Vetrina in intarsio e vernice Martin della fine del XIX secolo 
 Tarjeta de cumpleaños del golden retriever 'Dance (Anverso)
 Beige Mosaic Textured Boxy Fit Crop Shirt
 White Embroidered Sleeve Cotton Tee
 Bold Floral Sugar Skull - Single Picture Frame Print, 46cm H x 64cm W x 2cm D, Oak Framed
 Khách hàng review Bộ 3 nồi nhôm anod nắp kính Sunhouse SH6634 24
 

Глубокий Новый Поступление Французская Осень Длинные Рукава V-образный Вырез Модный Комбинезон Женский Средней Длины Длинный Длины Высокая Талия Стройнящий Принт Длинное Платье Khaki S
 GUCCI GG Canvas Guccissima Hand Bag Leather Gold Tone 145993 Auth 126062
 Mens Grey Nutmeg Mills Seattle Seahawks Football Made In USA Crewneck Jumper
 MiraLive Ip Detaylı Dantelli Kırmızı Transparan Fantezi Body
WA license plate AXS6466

--------------------------------

How to complete this task. All lines from the one containing "MiraLive Ip Detaylı" through the final line of the records above are to be set down exactly, and no other line is to appear.

Exercise output.
 MiraLive Ip Detaylı Dantelli Kırmızı Transparan Fantezi Body
WA license plate AXS6466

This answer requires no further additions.